[ASSIGNED TASK]
Print every entry again exactly, with no pictures.

[RECORDS SHOWN]

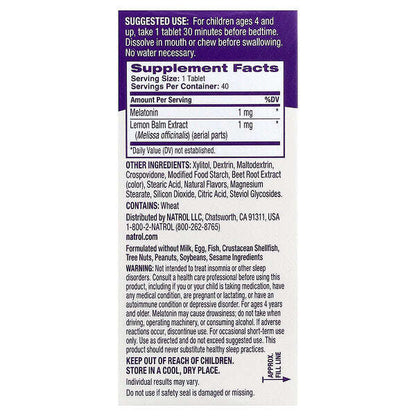 Natrol Kids Melatonin 4+ Yaş Ciyelek 40 Tablet YoxYox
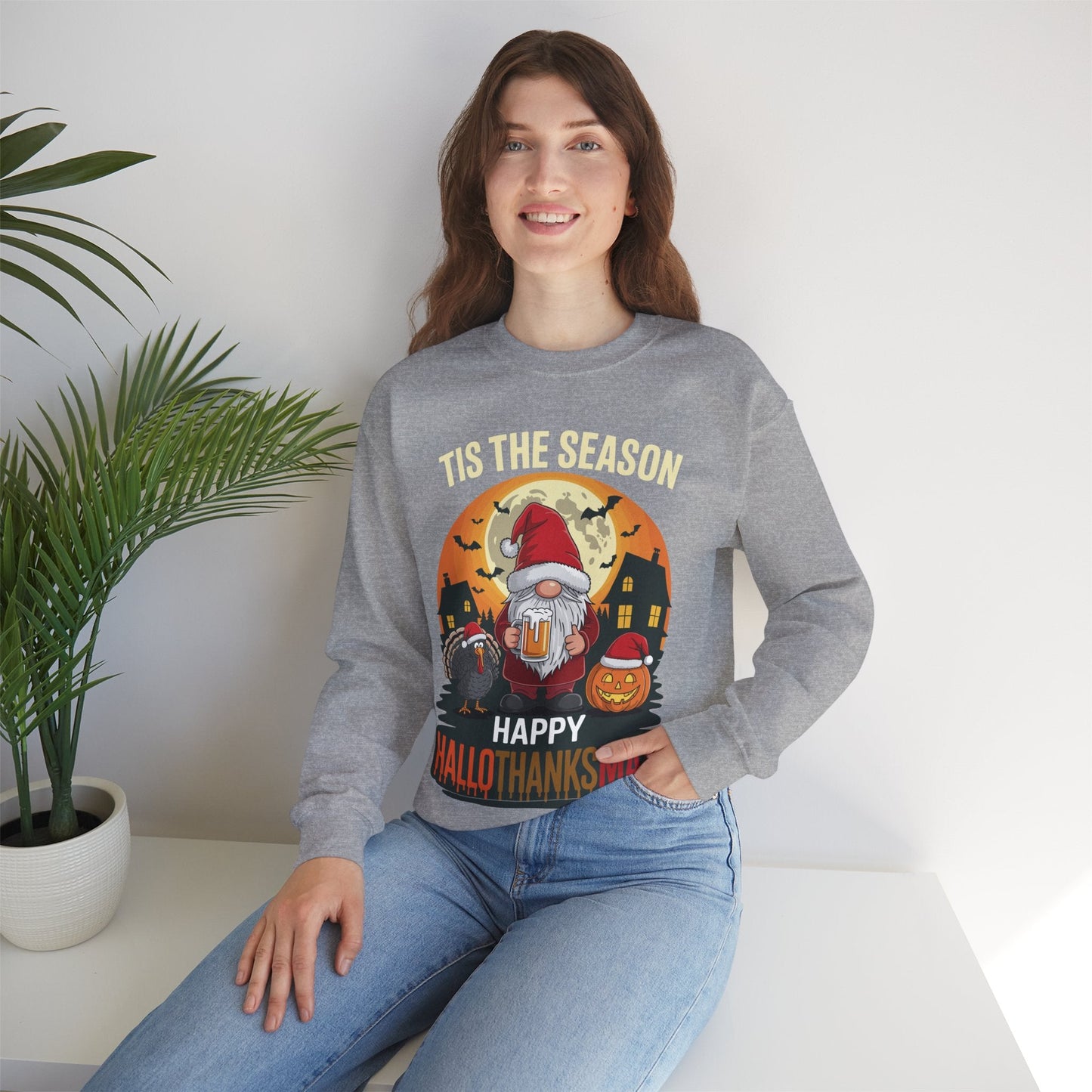 Happy Hallothanksmas Halloween Thanksgiving Merry Christmas Sweatshirt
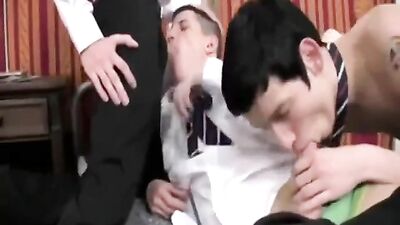 Young British Student Sucks after Class with Boys in Gay Porn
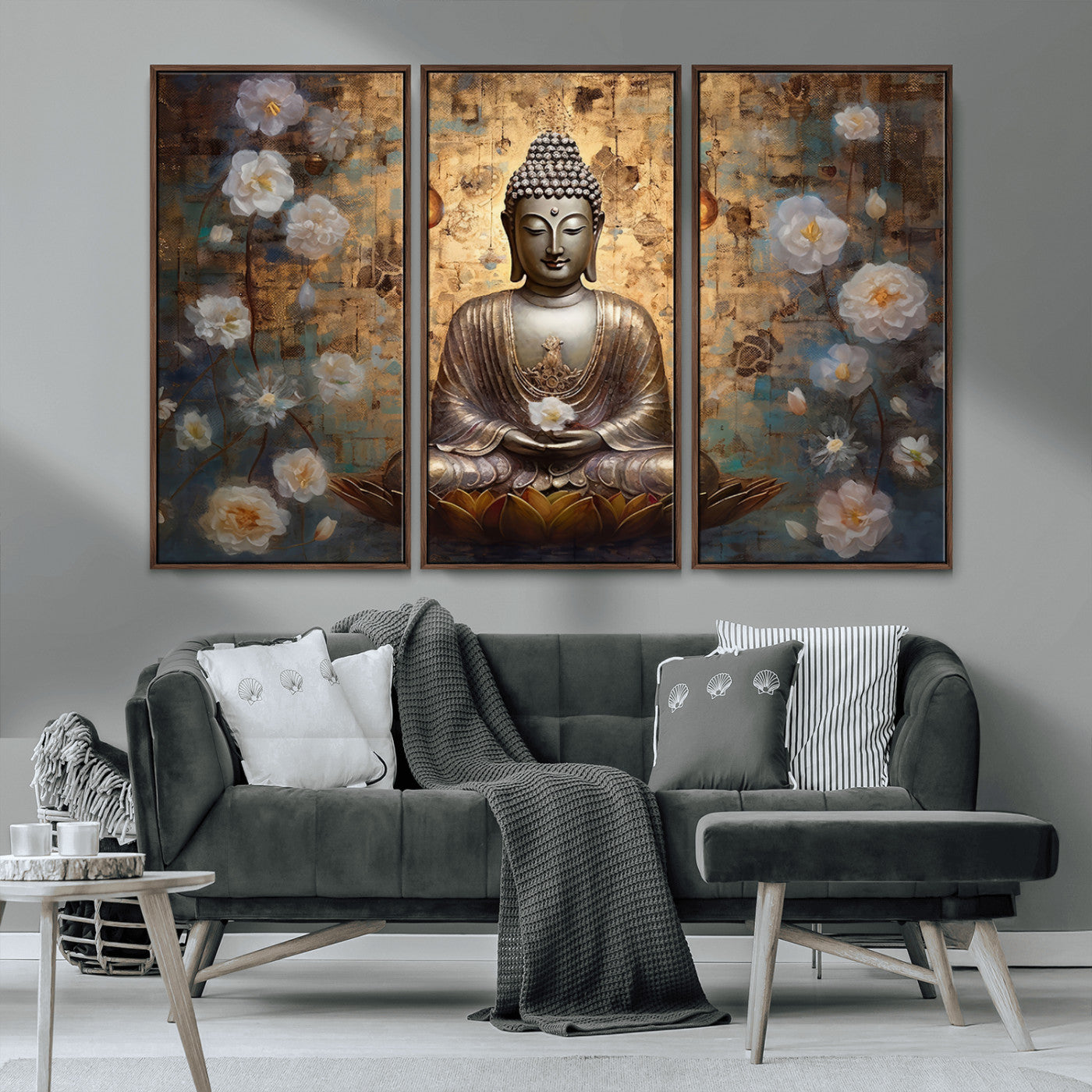 MGV-FC-48X32-3P - Golden Buddha Wall Art Canvas Print | Zen Meditation Floral Decor | Tranquil Spiritual Home Art |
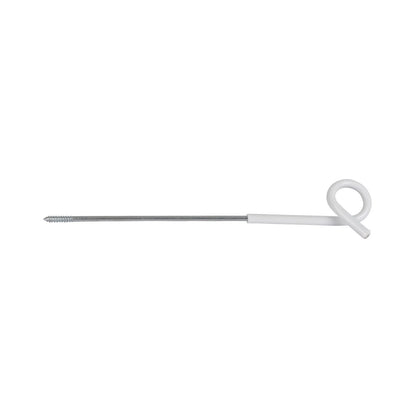 Distansisolator vit Pigtail 40 cm för polytråd, rep och band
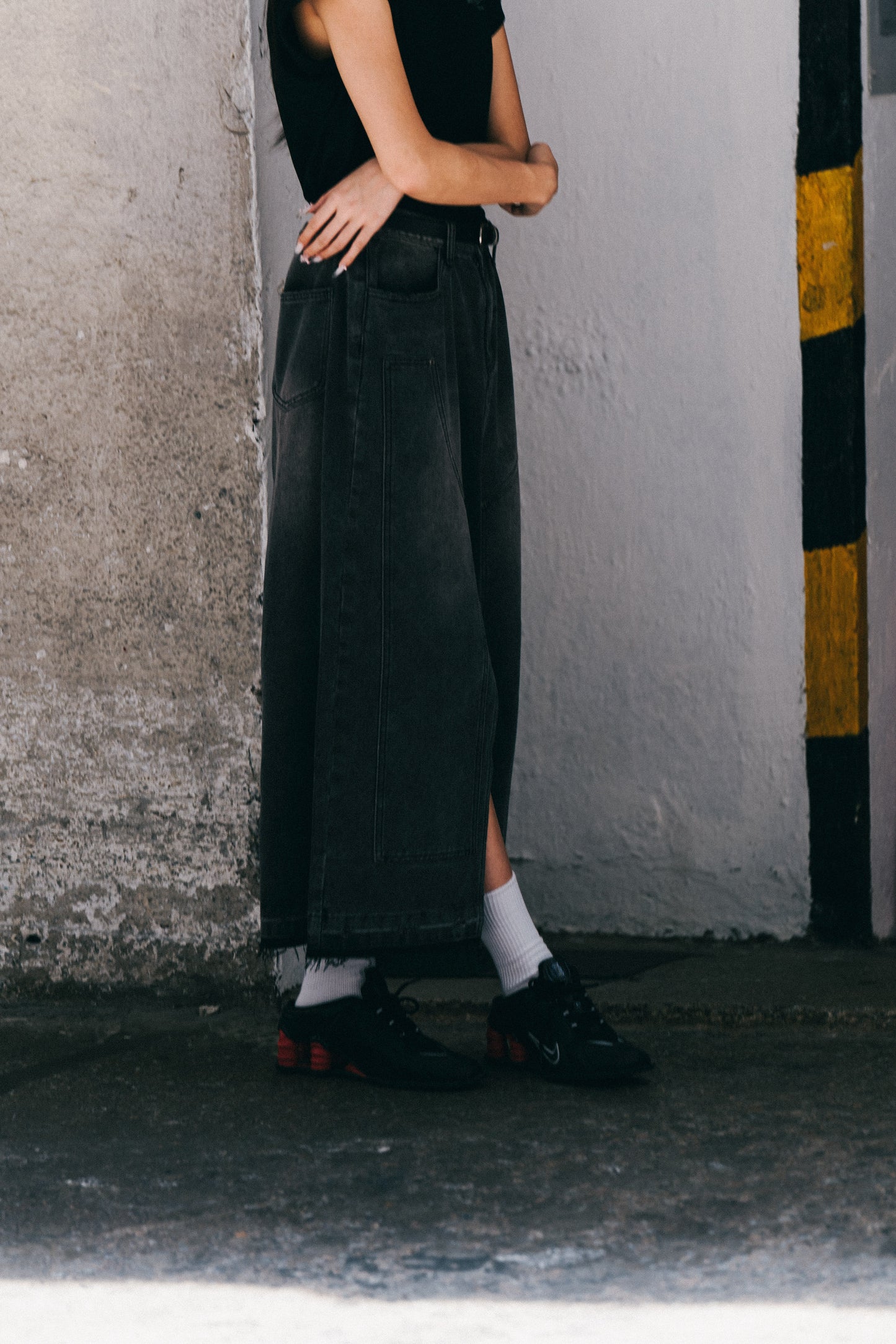 
                  
                    Double Knee Denim Full Skirts Dark Grey【L24-24DG】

[EXPECTED OUTPUT]
 Natrol Kids Melatonin 4+ Yaş Ciyelek 40 Tablet YoxYox
 Happy Hallothanksmas Halloween Thanksgiving Merry Christmas Sweatshirt
 Young British Student Sucks after Class with Boys in Gay Porn
 MGV-FC-48X32-3P - Golden Buddha Wall Art Canvas Print | Zen Meditation Floral Decor | Tranquil Spiritual Home Art |
 Distansisolator vit Pigtail 40 cm för polytråd, rep och band
                  
                    Double Knee Denim Full Skirts Dark Grey【L24-24DG】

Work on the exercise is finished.